This calls for a word-for-word copy of all the data, with each picture removed.
Top of Excerpted data
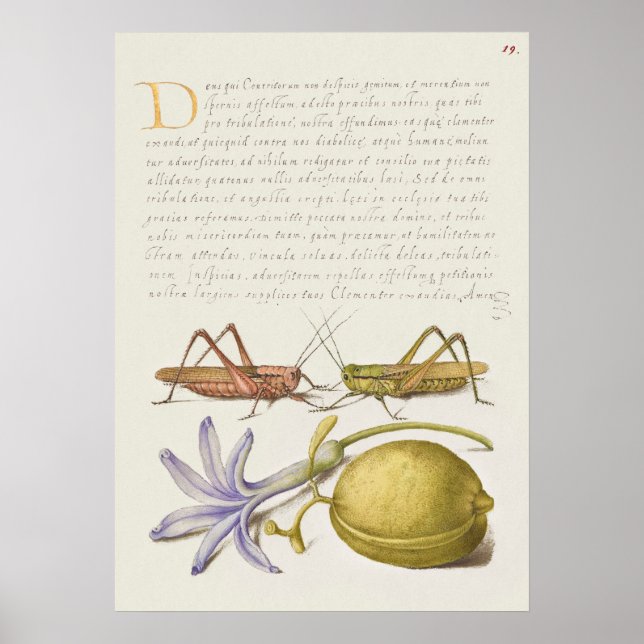 Poster d'illustration botanique vintage (Devant)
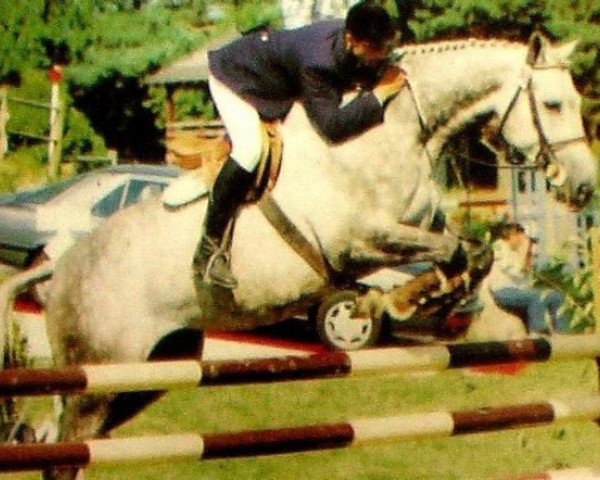 stallion Sardana Pierre AA (Anglo-Arabs, 1984, from Fol Avril AA)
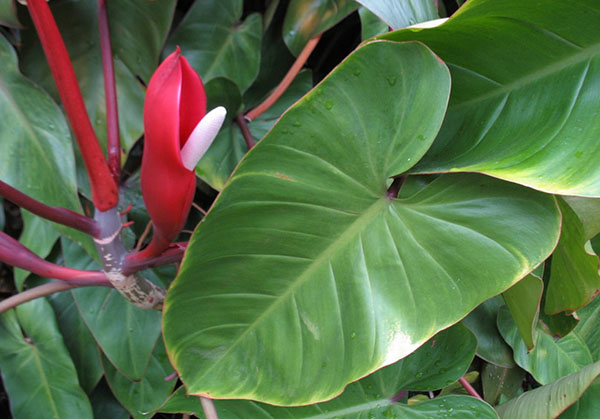 Philodendron Blushing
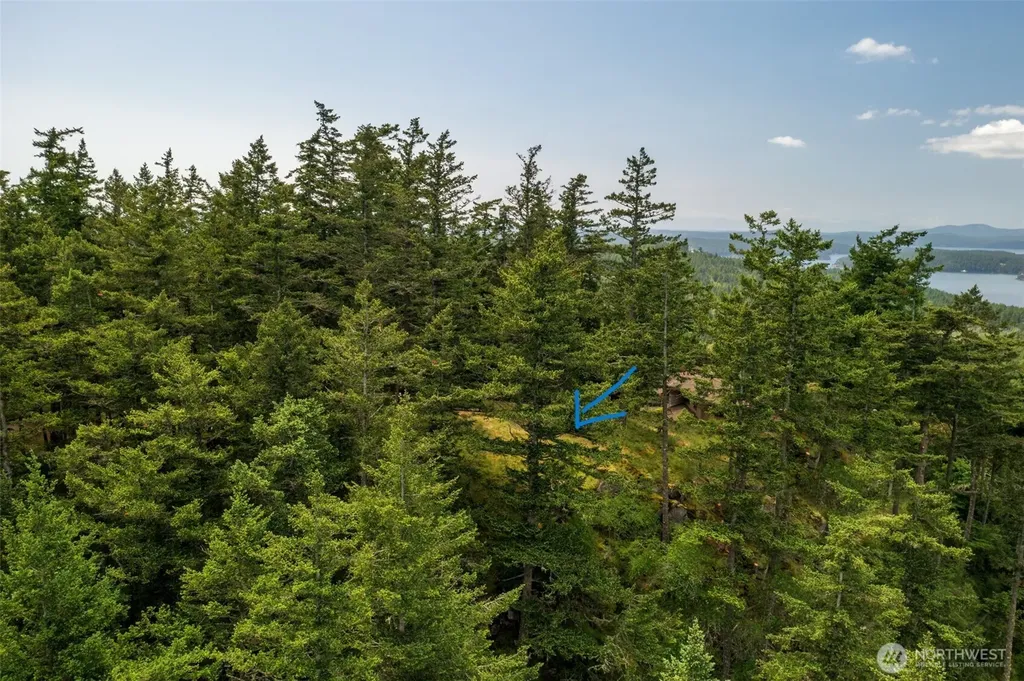 1700 Mountain Crest Orcas Island WA 98245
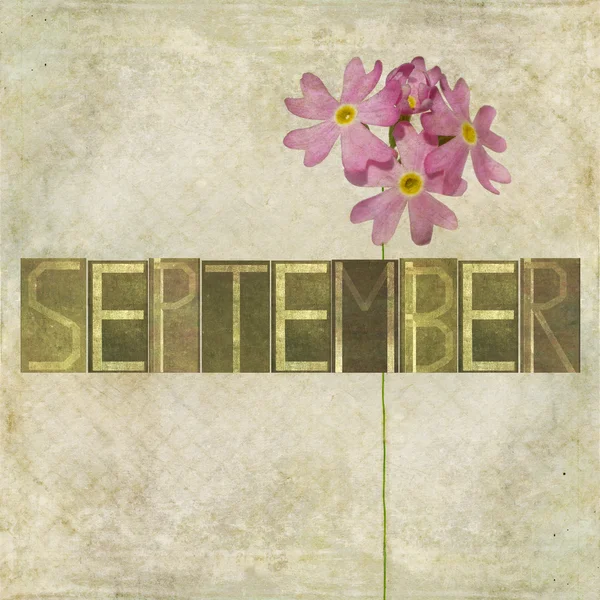 Element projektu przedstawiające słowo dla miesiąca września — Zdjęcie stockowe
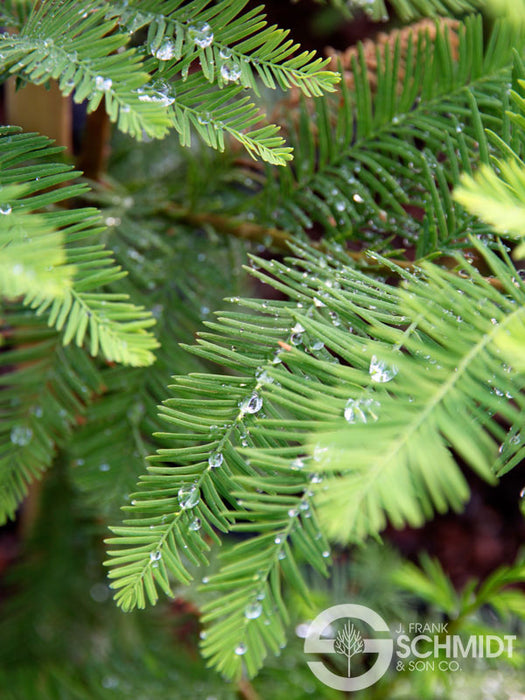 Taxodium distichum 'Green Whisper' Bald Cypress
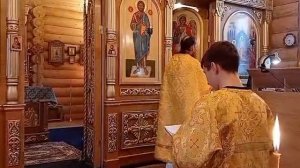 Воскресная Божественная Литургия храм Успение Пресвятой Богородицы с. Верхний Мамон16 ноября 2025г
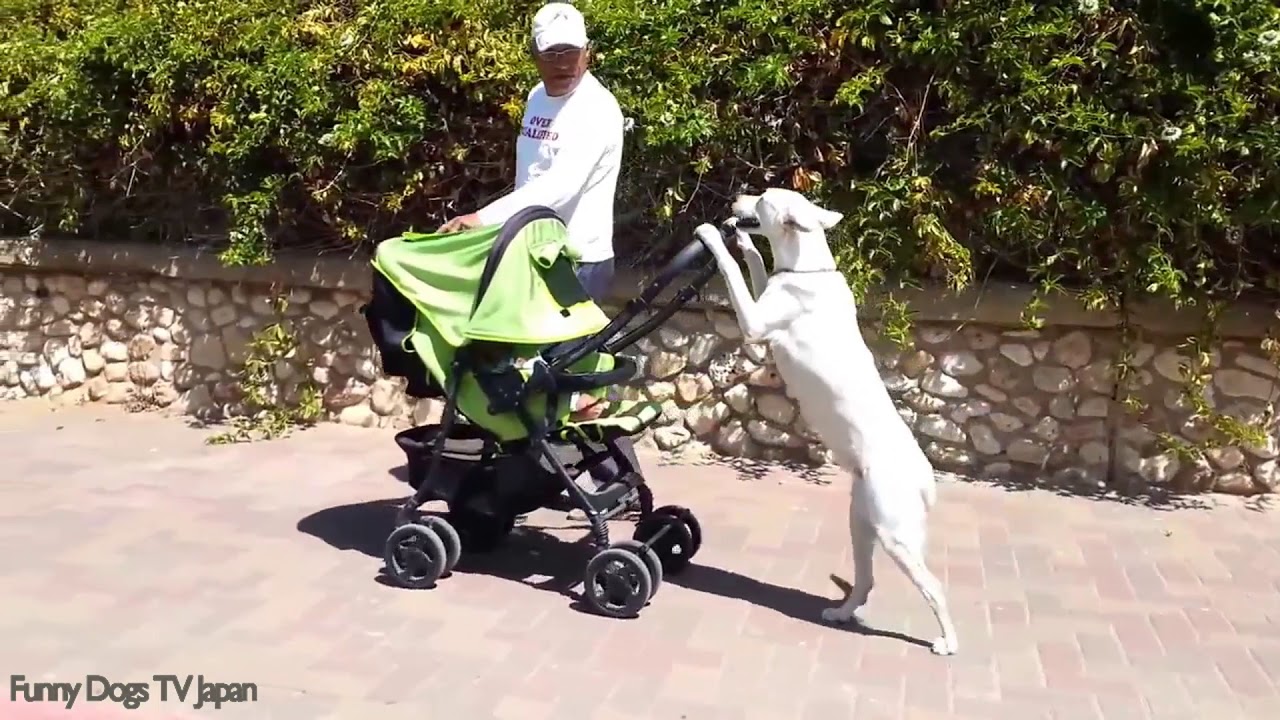 dog and baby stroller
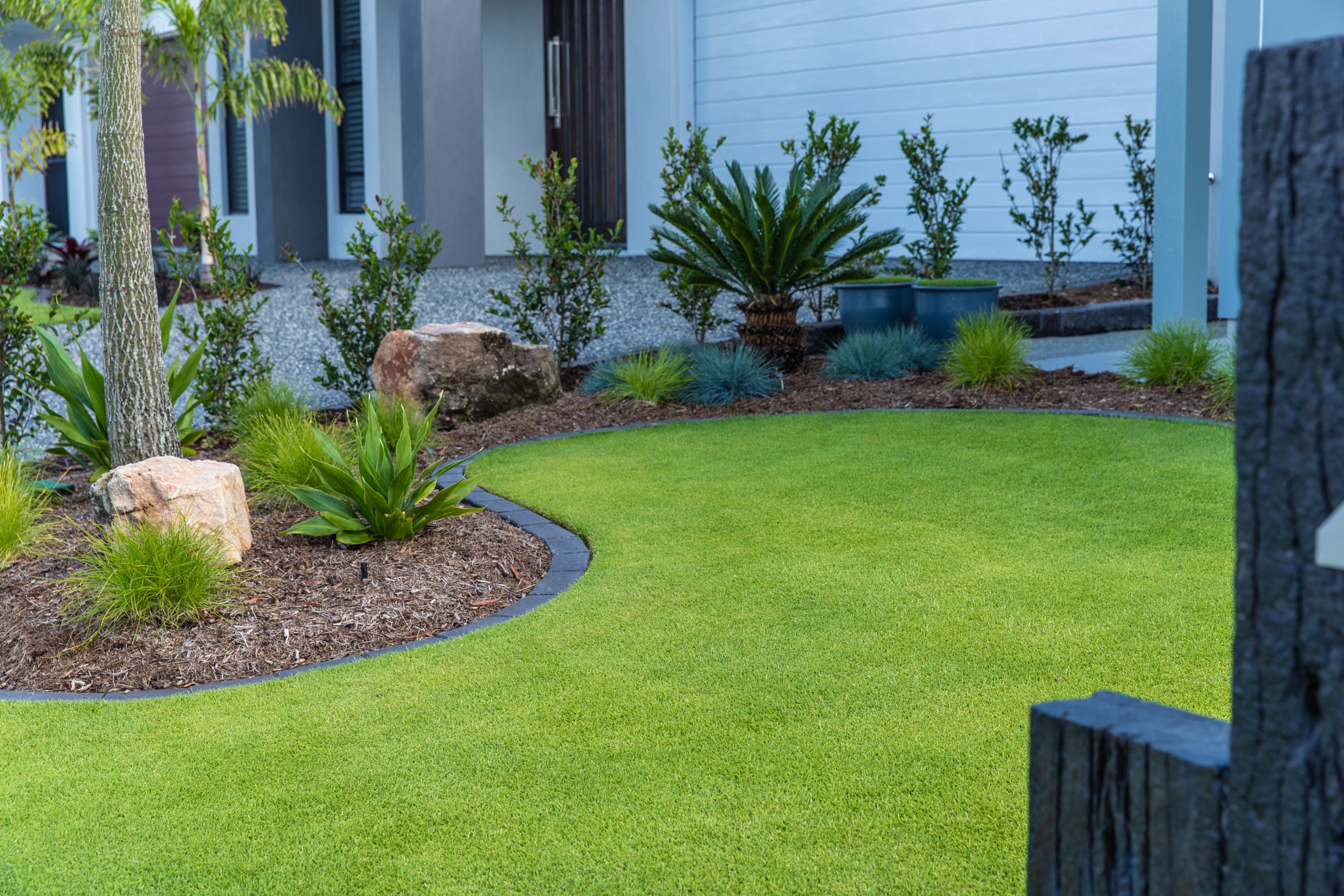 Sir Grange Zoysia lawn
Bottom of Excerpted data
Task response:
 Poster d'illustration botanique vintage (Devant)
 stallion Sardana Pierre AA (Anglo-Arabs, 1984, from Fol Avril AA)
 Philodendron Blushing
 1700 Mountain Crest Orcas Island WA 98245
 Element projektu przedstawiające słowo dla miesiąca września — Zdjęcie stockowe
 Taxodium distichum 'Green Whisper' Bald Cypress
 Воскресная Божественная Литургия храм Успение Пресвятой Богородицы с. Верхний Мамон16 ноября 2025г
 dog and baby stroller
 Sir Grange Zoysia lawn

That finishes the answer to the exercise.